* [PROBLEM TO WORK ON] The entries below must be restated word for word.
══════════════════════════════
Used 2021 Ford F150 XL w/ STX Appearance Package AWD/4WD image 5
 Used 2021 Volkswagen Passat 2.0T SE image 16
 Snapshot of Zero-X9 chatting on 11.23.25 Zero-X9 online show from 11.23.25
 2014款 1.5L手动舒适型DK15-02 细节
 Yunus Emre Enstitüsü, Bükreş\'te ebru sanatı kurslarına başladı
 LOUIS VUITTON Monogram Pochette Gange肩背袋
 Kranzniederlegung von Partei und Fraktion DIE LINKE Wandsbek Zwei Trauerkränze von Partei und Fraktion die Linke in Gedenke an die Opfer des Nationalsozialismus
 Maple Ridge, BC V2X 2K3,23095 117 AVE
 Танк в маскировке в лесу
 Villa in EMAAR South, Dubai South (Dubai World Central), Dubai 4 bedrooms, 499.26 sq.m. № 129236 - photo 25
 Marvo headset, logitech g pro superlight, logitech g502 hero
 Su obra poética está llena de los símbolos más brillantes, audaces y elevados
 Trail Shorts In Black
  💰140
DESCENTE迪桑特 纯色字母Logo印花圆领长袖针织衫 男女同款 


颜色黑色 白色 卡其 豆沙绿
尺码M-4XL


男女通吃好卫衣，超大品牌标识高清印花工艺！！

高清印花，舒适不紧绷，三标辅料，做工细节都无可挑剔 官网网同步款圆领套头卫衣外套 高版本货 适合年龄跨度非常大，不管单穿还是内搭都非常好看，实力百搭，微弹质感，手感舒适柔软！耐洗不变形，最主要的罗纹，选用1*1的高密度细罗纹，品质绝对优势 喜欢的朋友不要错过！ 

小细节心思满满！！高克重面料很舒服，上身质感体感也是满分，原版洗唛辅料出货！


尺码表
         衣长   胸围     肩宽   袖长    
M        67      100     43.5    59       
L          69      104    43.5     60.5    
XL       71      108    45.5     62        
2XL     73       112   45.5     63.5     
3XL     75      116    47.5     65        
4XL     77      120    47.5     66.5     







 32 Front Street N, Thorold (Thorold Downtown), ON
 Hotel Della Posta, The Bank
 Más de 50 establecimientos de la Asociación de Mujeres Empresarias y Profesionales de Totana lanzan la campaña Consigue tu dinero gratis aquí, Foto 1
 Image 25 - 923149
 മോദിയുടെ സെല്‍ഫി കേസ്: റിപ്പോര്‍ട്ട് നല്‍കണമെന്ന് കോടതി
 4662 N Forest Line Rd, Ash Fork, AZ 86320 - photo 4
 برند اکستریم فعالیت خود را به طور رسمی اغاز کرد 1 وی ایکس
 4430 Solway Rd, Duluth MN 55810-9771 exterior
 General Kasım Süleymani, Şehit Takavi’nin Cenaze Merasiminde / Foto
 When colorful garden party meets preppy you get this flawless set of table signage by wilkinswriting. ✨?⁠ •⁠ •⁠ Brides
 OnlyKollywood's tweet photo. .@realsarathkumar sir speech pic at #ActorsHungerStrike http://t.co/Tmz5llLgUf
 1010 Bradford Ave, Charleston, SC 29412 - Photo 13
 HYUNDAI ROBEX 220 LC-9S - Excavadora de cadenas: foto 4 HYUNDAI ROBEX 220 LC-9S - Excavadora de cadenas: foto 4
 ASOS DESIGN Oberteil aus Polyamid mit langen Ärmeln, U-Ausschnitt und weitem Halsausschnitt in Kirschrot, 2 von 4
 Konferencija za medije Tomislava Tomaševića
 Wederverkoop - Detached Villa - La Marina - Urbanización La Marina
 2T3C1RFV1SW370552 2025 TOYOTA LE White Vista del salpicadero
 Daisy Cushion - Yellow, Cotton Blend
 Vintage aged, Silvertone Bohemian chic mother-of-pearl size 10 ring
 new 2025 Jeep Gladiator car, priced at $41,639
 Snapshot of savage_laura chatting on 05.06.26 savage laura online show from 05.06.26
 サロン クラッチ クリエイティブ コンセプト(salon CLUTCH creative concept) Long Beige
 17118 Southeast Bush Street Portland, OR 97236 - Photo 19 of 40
══════════════════════════════
* [ANSWER]
Used 2021 Ford F150 XL w/ STX Appearance Package AWD/4WD image 5
 Used 2021 Volkswagen Passat 2.0T SE image 16
 Snapshot of Zero-X9 chatting on 11.23.25 Zero-X9 online show from 11.23.25
 2014款 1.5L手动舒适型DK15-02 细节
 Yunus Emre Enstitüsü, Bükreş\'te ebru sanatı kurslarına başladı
 LOUIS VUITTON Monogram Pochette Gange肩背袋
 Kranzniederlegung von Partei und Fraktion DIE LINKE Wandsbek Zwei Trauerkränze von Partei und Fraktion die Linke in Gedenke an die Opfer des Nationalsozialismus
 Maple Ridge, BC V2X 2K3,23095 117 AVE
 Танк в маскировке в лесу
 Villa in EMAAR South, Dubai South (Dubai World Central), Dubai 4 bedrooms, 499.26 sq.m. № 129236 - photo 25
 Marvo headset, logitech g pro superlight, logitech g502 hero
 Su obra poética está llena de los símbolos más brillantes, audaces y elevados
 Trail Shorts In Black
  💰140
DESCENTE迪桑特 纯色字母Logo印花圆领长袖针织衫 男女同款 


颜色黑色 白色 卡其 豆沙绿
尺码M-4XL


男女通吃好卫衣，超大品牌标识高清印花工艺！！

高清印花，舒适不紧绷，三标辅料，做工细节都无可挑剔 官网网同步款圆领套头卫衣外套 高版本货 适合年龄跨度非常大，不管单穿还是内搭都非常好看，实力百搭，微弹质感，手感舒适柔软！耐洗不变形，最主要的罗纹，选用1*1的高密度细罗纹，品质绝对优势 喜欢的朋友不要错过！ 

小细节心思满满！！高克重面料很舒服，上身质感体感也是满分，原版洗唛辅料出货！


尺码表
         衣长   胸围     肩宽   袖长    
M        67      100     43.5    59       
L          69      104    43.5     60.5    
XL       71      108    45.5     62        
2XL     73       112   45.5     63.5     
3XL     75      116    47.5     65        
4XL     77      120    47.5     66.5     







 32 Front Street N, Thorold (Thorold Downtown), ON
 Hotel Della Posta, The Bank
 Más de 50 establecimientos de la Asociación de Mujeres Empresarias y Profesionales de Totana lanzan la campaña Consigue tu dinero gratis aquí, Foto 1
 Image 25 - 923149
 മോദിയുടെ സെല്‍ഫി കേസ്: റിപ്പോര്‍ട്ട് നല്‍കണമെന്ന് കോടതി
 4662 N Forest Line Rd, Ash Fork, AZ 86320 - photo 4
 برند اکستریم فعالیت خود را به طور رسمی اغاز کرد 1 وی ایکس
 4430 Solway Rd, Duluth MN 55810-9771 exterior
 General Kasım Süleymani, Şehit Takavi’nin Cenaze Merasiminde / Foto
 When colorful garden party meets preppy you get this flawless set of table signage by wilkinswriting. ✨?⁠ •⁠ •⁠ Brides
 OnlyKollywood's tweet photo. .@realsarathkumar sir speech pic at #ActorsHungerStrike http://t.co/Tmz5llLgUf
 1010 Bradford Ave, Charleston, SC 29412 - Photo 13
 HYUNDAI ROBEX 220 LC-9S - Excavadora de cadenas: foto 4 HYUNDAI ROBEX 220 LC-9S - Excavadora de cadenas: foto 4
 ASOS DESIGN Oberteil aus Polyamid mit langen Ärmeln, U-Ausschnitt und weitem Halsausschnitt in Kirschrot, 2 von 4
 Konferencija za medije Tomislava Tomaševića
 Wederverkoop - Detached Villa - La Marina - Urbanización La Marina
 2T3C1RFV1SW370552 2025 TOYOTA LE White Vista del salpicadero
 Daisy Cushion - Yellow, Cotton Blend
 Vintage aged, Silvertone Bohemian chic mother-of-pearl size 10 ring
 new 2025 Jeep Gladiator car, priced at $41,639
 Snapshot of savage_laura chatting on 05.06.26 savage laura online show from 05.06.26
 サロン クラッチ クリエイティブ コンセプト(salon CLUTCH creative concept) Long Beige
 17118 Southeast Bush Street Portland, OR 97236 - Photo 19 of 40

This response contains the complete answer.